Si, au contraire, l'échange est d'une bonne nature économique, s'il ne s'exécute jamais qu'au profit des deux hommes ou des deux pays contractants, alors il peut être intéressant de s'assurer s'il est cause ou effet de l'alliance des peuples pour savoir à quoi il faut d'abord travailler; mais quelque parti que nous prenions, nous aurons toujours la consolation de penser que nous travaillons à des résultats harmoniques; et en vérité je ne comprendrais pas que vous poursuiviez de vos sarcasmes ceux qui veulent arriver à l'union politique par l'union commerciale, uniquement parce que vous préférez la marche inverse, alors que cette double union est le but de nos communs efforts.

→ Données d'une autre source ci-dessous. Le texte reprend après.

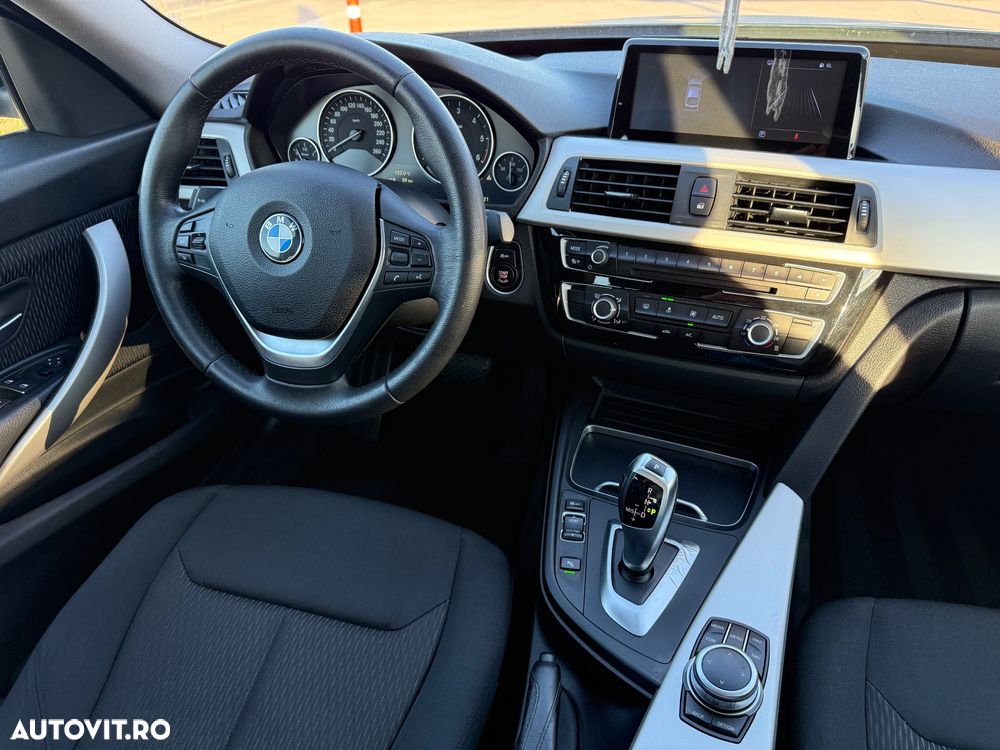 BMW Seria 3 318d Aut. Sport Line - 23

Il serait donc aussi essentiel que logique de vider cette question préalable: Quelle est la vraie nature de l'échange?
Pour cela il faudrait refaire un cours d'économie politique; j'aime mieux m'en référer à ceux qui sont déjà faits, et je raisonnerai dans la supposition que cette nature est bonne de soi.
C'est d'ailleurs ce que vous avez fait vous-même, car vos objections viennent après cette hypothèse: «Supposez que la liberté des échanges procure aux consommateurs français trente, quarante, cinquante millions par an.»
Je ferai remarquer ici que vous affaiblissez considérablement, dans l'expression, les effets de l'échange supposé bon. Il ne s'agit pas de trente, de cinquante millions; il s'agit de plus de pain pour ceux qui ont faim, de plus de vêtements pour ceux qui ont froid, de plus de loisirs pour ceux que la fatigue accable, de plus de ces joies domestiques que l'aisance introduit dans les familles, de plus d'instruction et de dignité personnelle, d'un avenir mieux assuré, etc. Voilà ce qu'il faut entendre par les biens matériels qui vous paraissent si secondaires.
Le libre-échange devant accroître ces biens, selon notre hypothèse, la question est de savoir s'il est nécessaire de les sacrifier à la communion des peuples dans les mêmes idées et les mêmes principes.—«S'ils doivent porter atteinte, dites-vous, à l'expansion de nos idées, à la mission de la France au sein de l'Europe, les hommes qui ont le moindre instinct soit du pouvoir, soit de la démocratie, n'y consentiront jamais.»
C'est une chose précieuse que l'expansion des idées, surtout quand elles sont bonnes. Cependant aux fouriéristes, communistes, démocrates, conservateurs et autres, je demanderai d'abord quel droit ils ont d'épancher au dehors leurs idées, en empêchant l'expansion de mes produits; et, en second lieu, en quoi l'expansion de mes produits nuit à l'expansion de leurs idées?